**DATA SECTION**
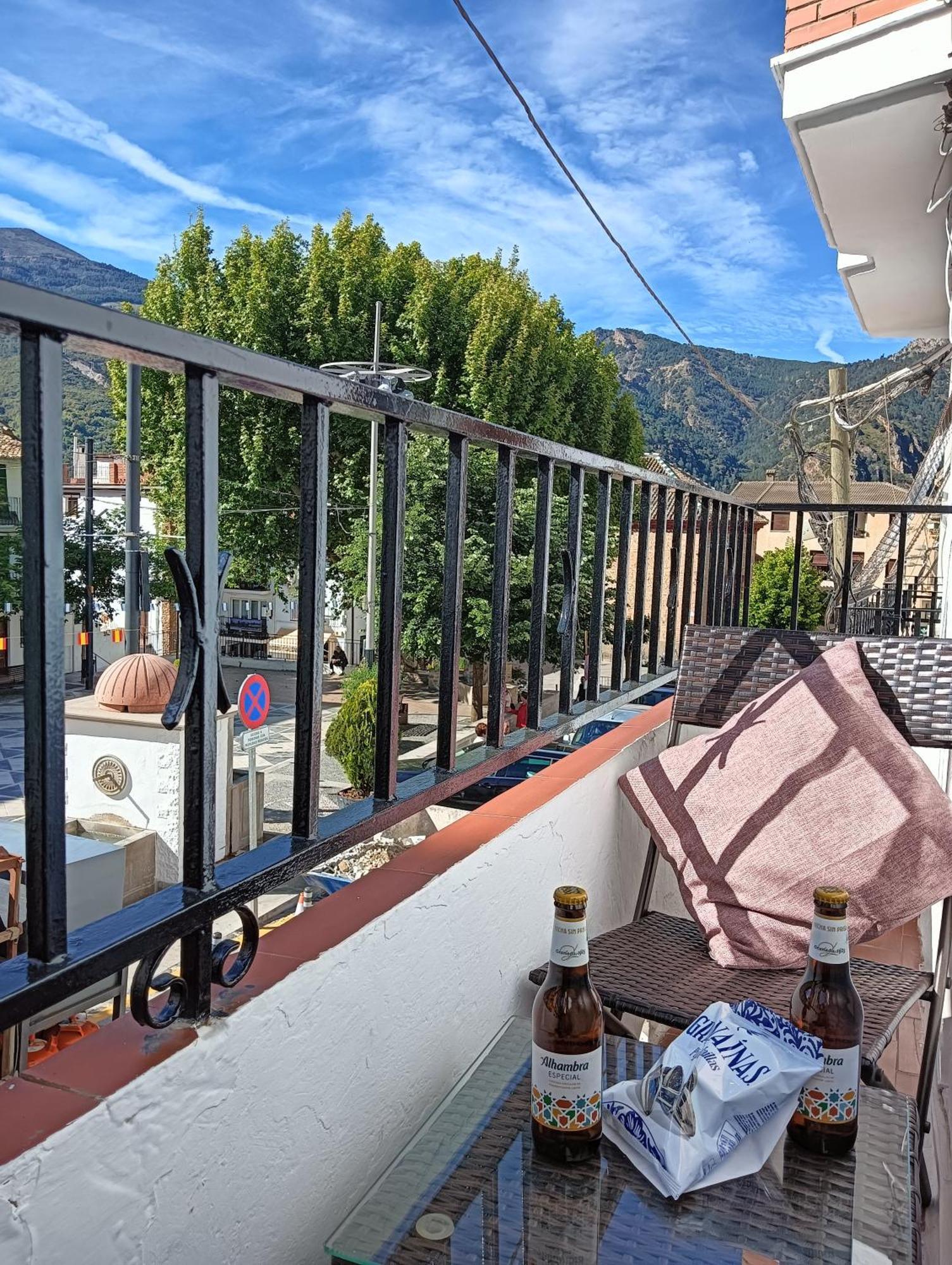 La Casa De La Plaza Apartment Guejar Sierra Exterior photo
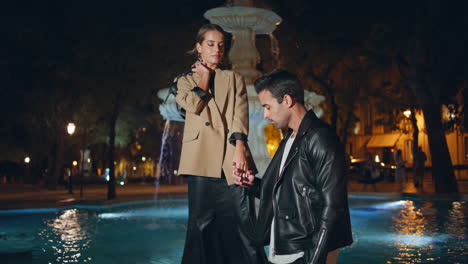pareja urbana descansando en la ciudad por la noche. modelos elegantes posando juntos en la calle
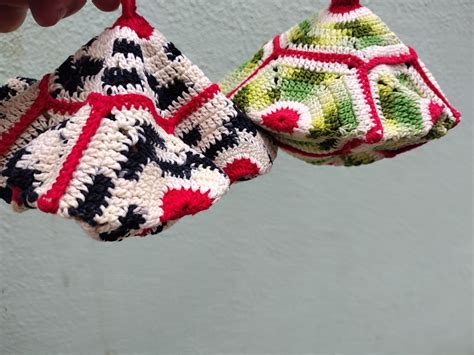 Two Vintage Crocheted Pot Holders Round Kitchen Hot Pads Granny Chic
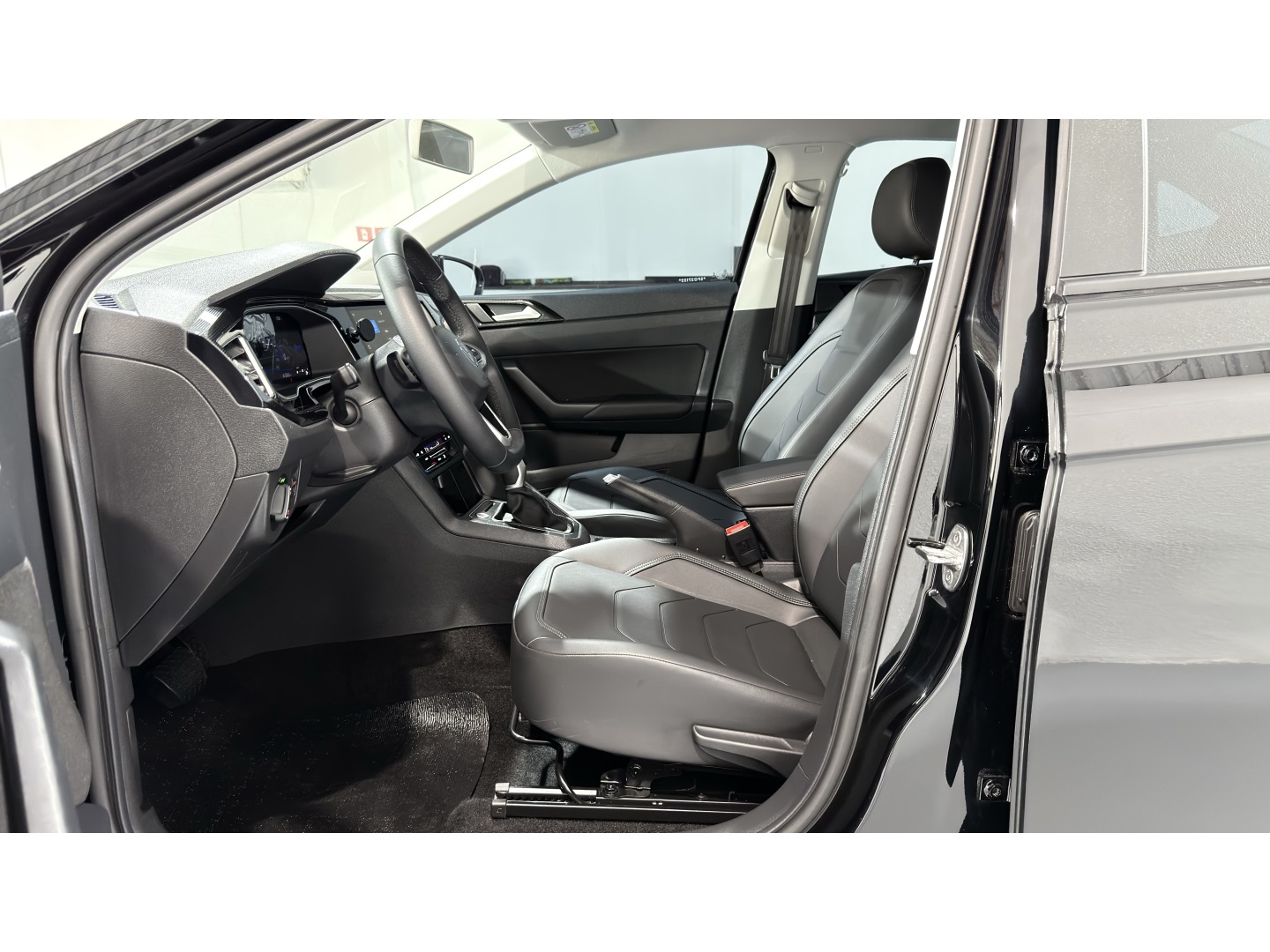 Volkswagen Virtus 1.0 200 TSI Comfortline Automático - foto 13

**WHAT THIS TASK INVOLVES**
From the line containing "pareja urbana descansando" down to the final line of the listing above, write out only those lines exactly as they are, minus the pictures.

**SOLUTION FOR THIS TASK**
pareja urbana descansando en la ciudad por la noche. modelos elegantes posando juntos en la calle
 Two Vintage Crocheted Pot Holders Round Kitchen Hot Pads Granny Chic
 Volkswagen Virtus 1.0 200 TSI Comfortline Automático - foto 13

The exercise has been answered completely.